Interfacial issues between solid-state electrolytes and electrodes are considered as one of key problems hindering the performance improvement of solid-state lithium batteries. In-situ polymerization is one of the most promising methods for improving interfacial performance, where liquid-state electrolytes are in-situ converted into solid-state electrolytes within the battery. It could effectively reduce interfacial resistance, meanwhile, it could enable compatibility of commercial production devices of Li-ion batteries. Here, a new kind of liquid-state electrolyte used for in-situ polymerization is designed based on previously reported high-temperature-resistant electrolyte.
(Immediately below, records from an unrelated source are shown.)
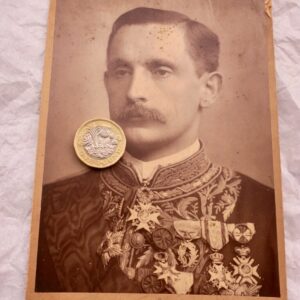PHOTO ANCIENNE LONDON WALERY 165 x 110 mm.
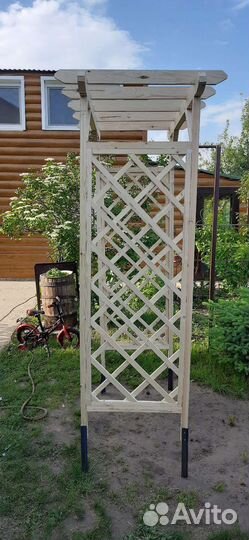 Арка садовая деревянная, пергола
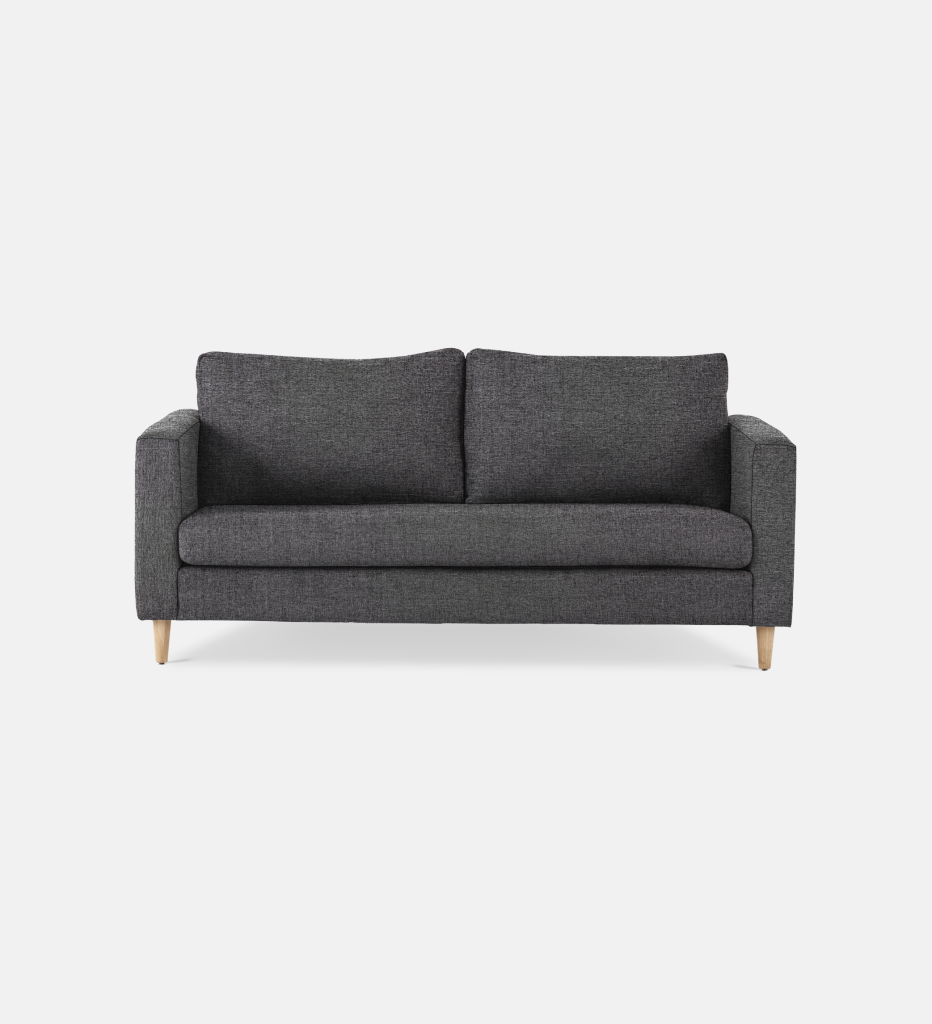 Sami Fully Upholstered 3 Seater Wooden Leg (55012)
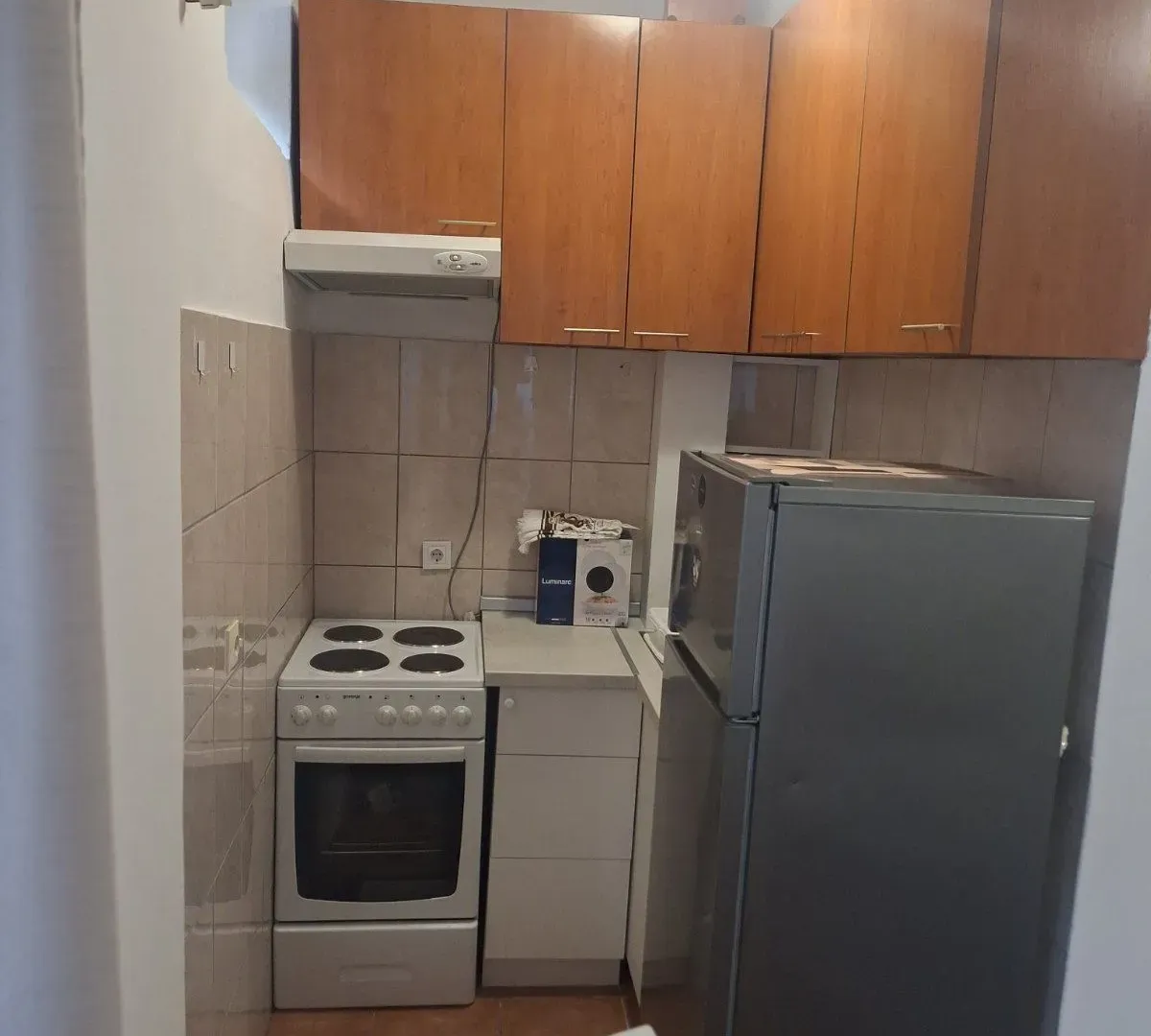 Rent, one bedroom apartment, 38m², Centar, Podgorica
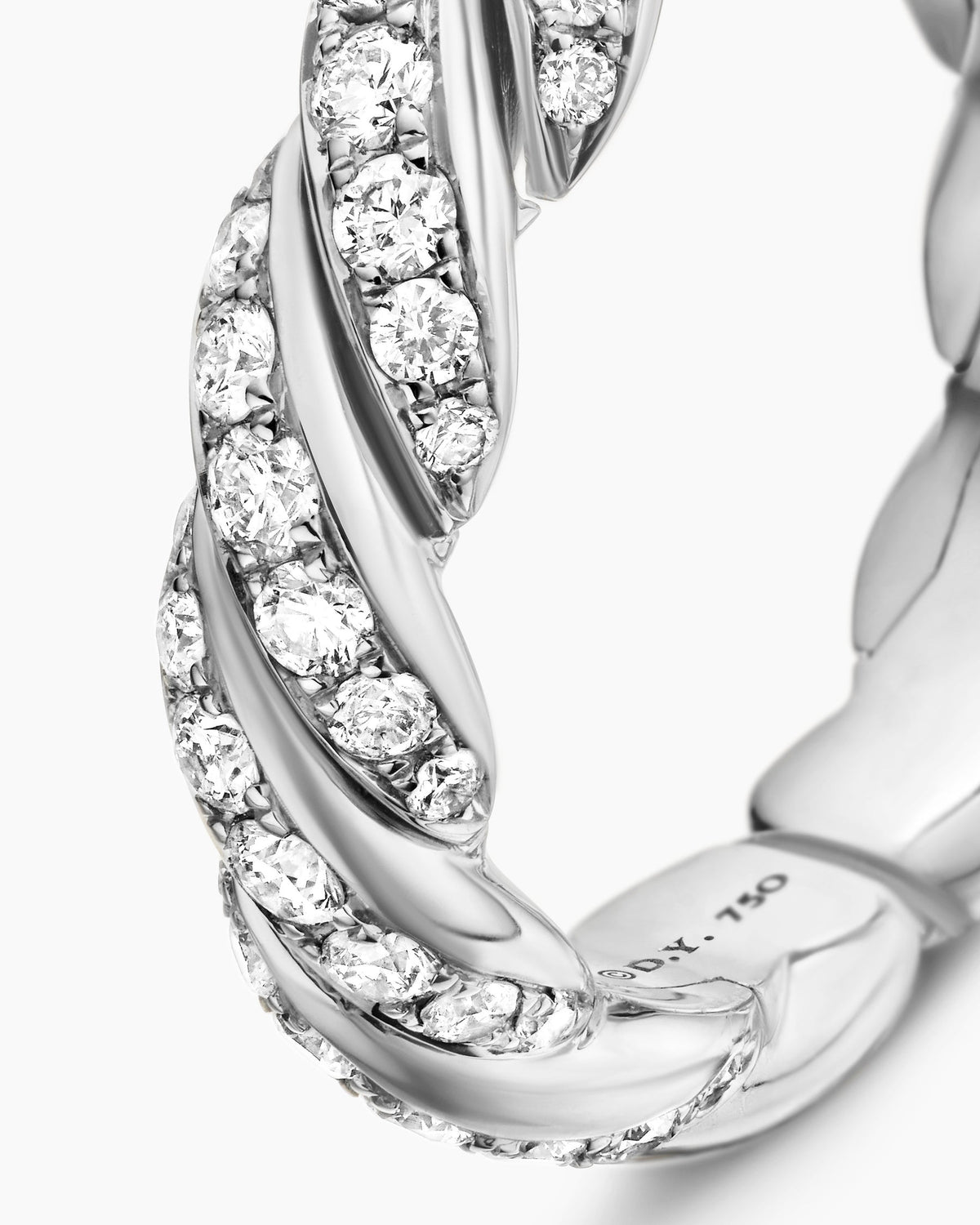 David Yurman Sculpted Cable Flex Band Ring David Yurman Women’s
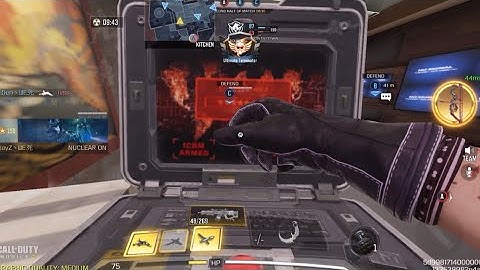 The Power of Disable perk Nuke Gameplay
Small amounts of LiPF6 play dual roles in prevention of aluminum (Al) current collector corrosion and acceleration of in-situ polymerization of 1,3-dioxolane (DOL) solvent inside the cell at room temperature. Interfacial stability between in-situ polymerized electrolyte and LiCoO2 cathode is improved by the formation of interfacial layer with good stability during the electrochemical process, due to synergistic effects of added fluoroethylene carbonate (FEC) and hexamethylene diisocyanate (HDI) with the assistance of proton. Reaction mechanism between FEC and HDI is analyzed by DFT calculations. It shows good electrochemical performance in 4.2 V Li/LiCoO2 cell at room temperature. It provides the possibility of designing high-voltage solid-state lithium metal battery by in-situ polymerization and electrochemically interfacial engineering methods.